Wastewater Treatment Challenges from an Ethanol Plant Recycle System

This paper was authored by Thomas Lawry prior to joining McKim & Creed. Tom joined McKim & Creed in 2015 as vice president of industrial and alternative project delivery. ©IWC 2009 

Several types of water are required to support the production of ethanol, including production process water, boiler feed water, and cooling tower makeup water.  A base process of filtration, reverse osmosis (RO), and ion exchange is typically used to produce this water.  Most of the water is recycled within the plant while a portion is discharged in a blowdown stream combining the RO reject, cooling tower blowdown, filter backwash, and softener regeneration.  This presentation describes the challenges faced by a particular 110 million gallon per year ethanol plant that utilizes groundwater with fluoride contamination as source water.  This plant discharges the blowdown to a nearby stream and was granted an NPDES permit with low permissible fluoride levels. Similar challenges exist for ethanol plants using a fluoridated municipal water supply as makeup to their water system.

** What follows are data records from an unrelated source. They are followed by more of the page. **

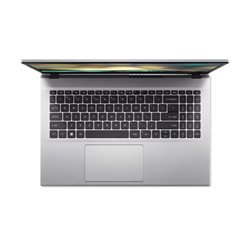 Ноутбук Acer Aspire 3 A315-59-58SS  Купить, Бишкеке, доставка, регионы, Кыргызстана, цена, наличие, обзор, SystemA.kg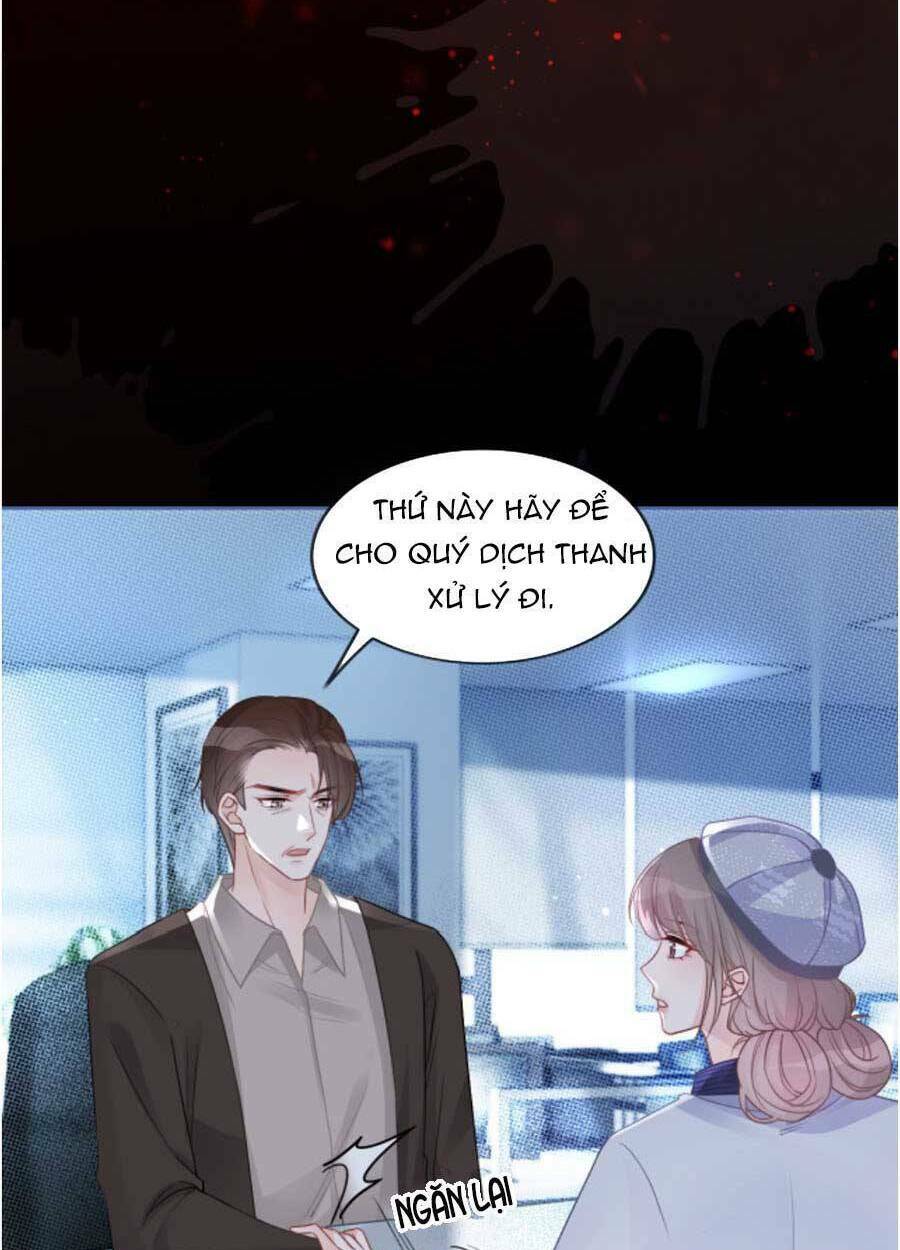 Được Các Anh Trai Chiều Chuộng Tôi Trở Nên Ngang Tàng Chapter 72 - Trang 2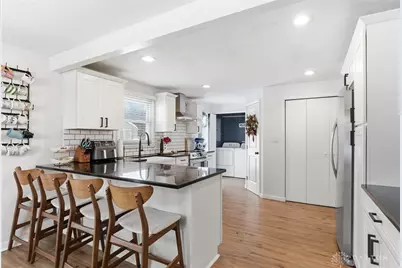 165 Weller Avenue, Dayton, OH 45458 - Photo 8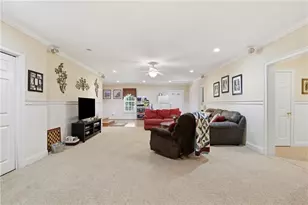 287 Laurel Pl Dr, Cornelia, GA 30531 - Photo 16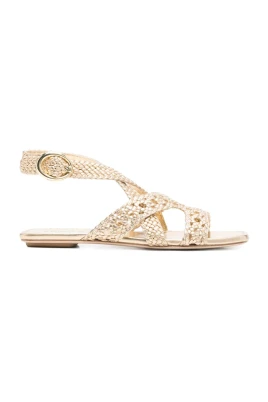 Thea Sandal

To meet the strict discharge limits, a fluoride treatment system employing innovative technology was installed to treat the RO reject stream, which contains the highest fluoride level of the various blowdown streams.  The reject stream is pH adjusted before passing through activated alumina (AA) filters.  The AA filter effluent combines with the other blowdown streams in an equalization pond prior to discharging through the outfall.  The wastewater produced during AA filter regeneration has a high fluoride concentration and is treated with a more conventional calcium fluoride precipitation system prior to discharge.